* **WHAT YOU SHOULD DO**:
Reproduce exactly, from the data that follows, the line with "A family is", the line with "a white bathroom", and every line that lies between them.

THE DATA Block Start

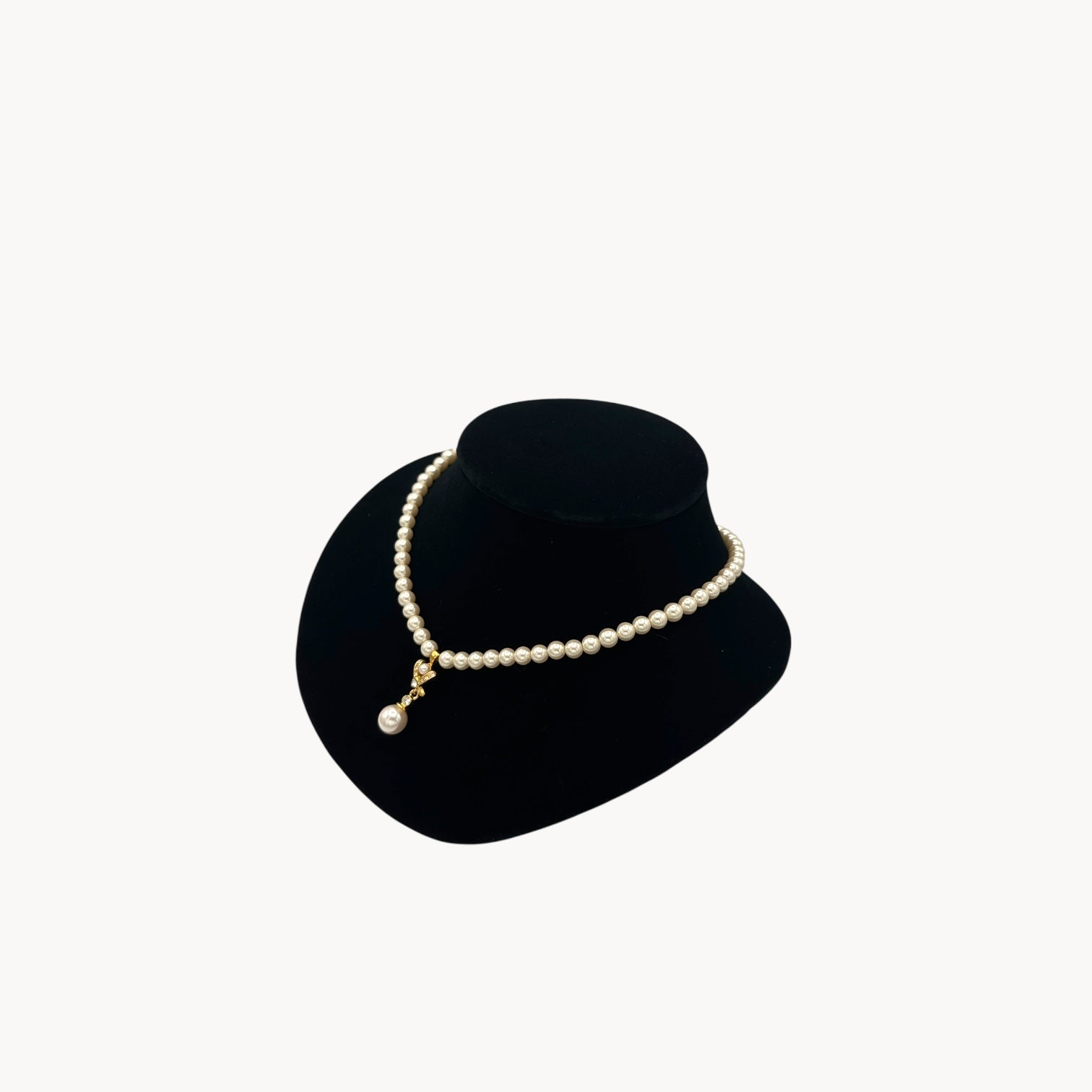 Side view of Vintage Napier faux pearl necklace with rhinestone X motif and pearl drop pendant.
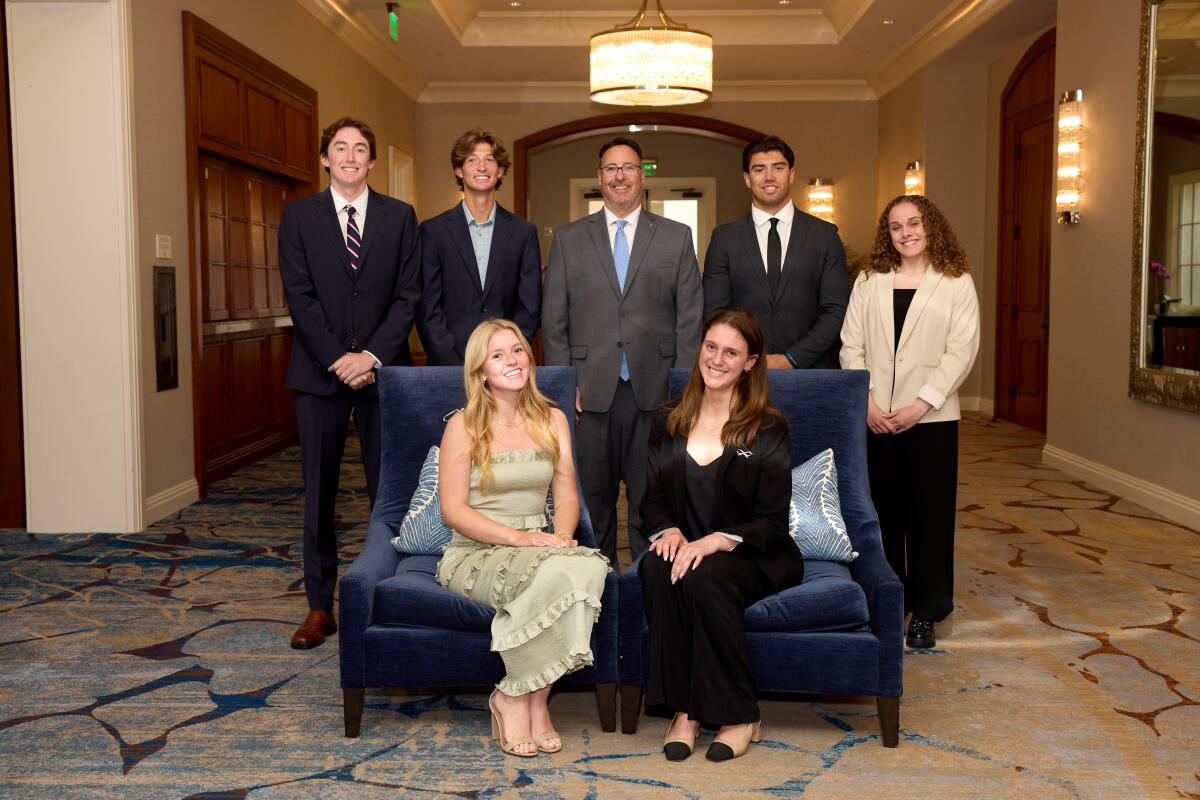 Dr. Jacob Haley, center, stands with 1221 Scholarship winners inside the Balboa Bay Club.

THE DATA Block End
THE DATA Block Start

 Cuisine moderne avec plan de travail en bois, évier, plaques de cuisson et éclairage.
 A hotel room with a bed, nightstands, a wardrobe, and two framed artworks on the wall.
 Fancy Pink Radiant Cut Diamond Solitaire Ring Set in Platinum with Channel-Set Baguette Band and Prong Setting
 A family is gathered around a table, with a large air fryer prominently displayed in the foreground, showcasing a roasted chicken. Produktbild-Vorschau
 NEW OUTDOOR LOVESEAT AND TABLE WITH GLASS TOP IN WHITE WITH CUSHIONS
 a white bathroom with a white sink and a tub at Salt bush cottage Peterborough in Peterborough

THE DATA Block End
THE DATA Block Start

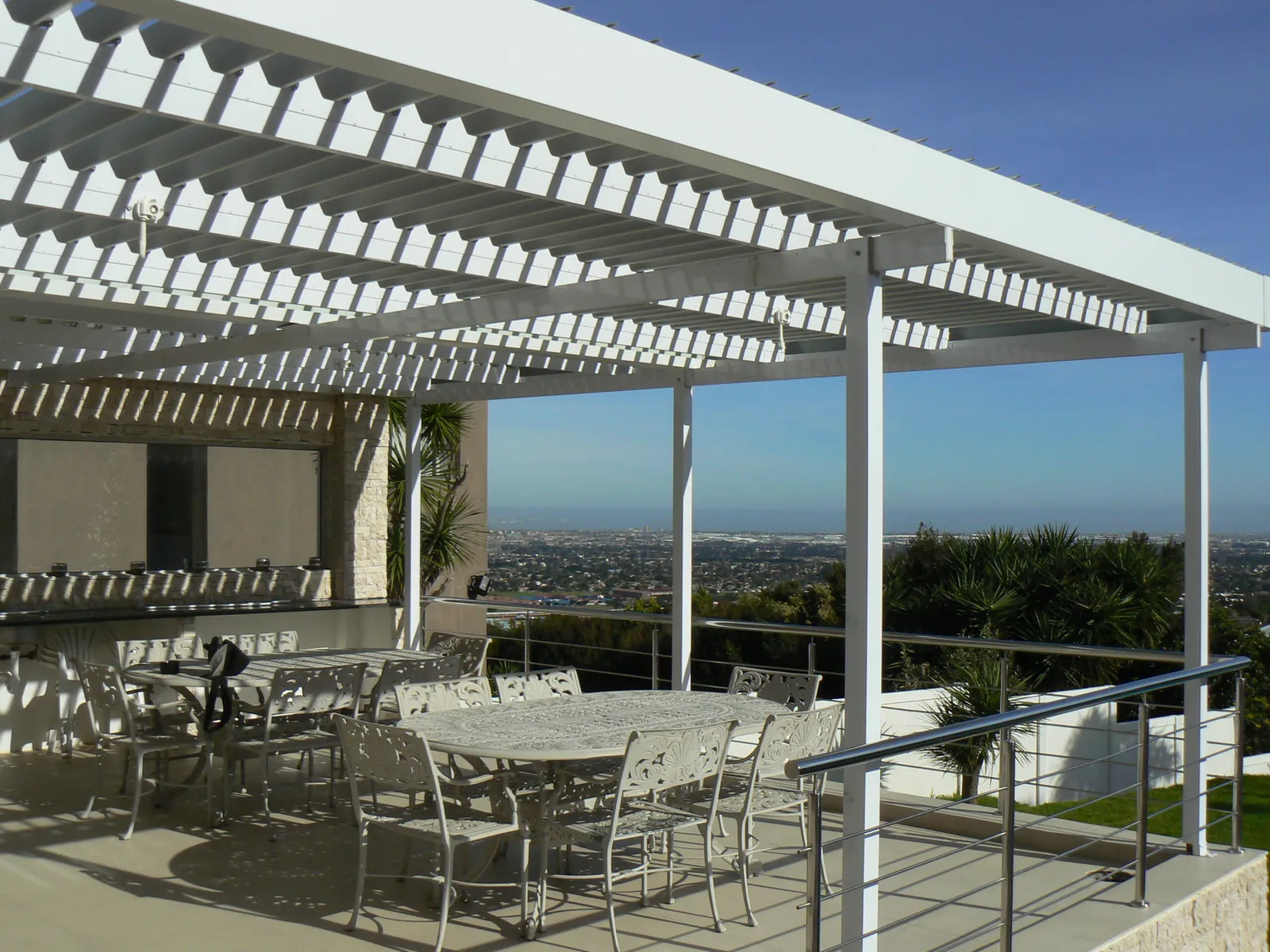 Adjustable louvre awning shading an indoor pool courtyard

THE DATA Block End

* **RESULT OF THIS TASK**:
 A family is gathered around a table, with a large air fryer prominently displayed in the foreground, showcasing a roasted chicken. Produktbild-Vorschau
 NEW OUTDOOR LOVESEAT AND TABLE WITH GLASS TOP IN WHITE WITH CUSHIONS
 a white bathroom with a white sink and a tub at Salt bush cottage Peterborough in Peterborough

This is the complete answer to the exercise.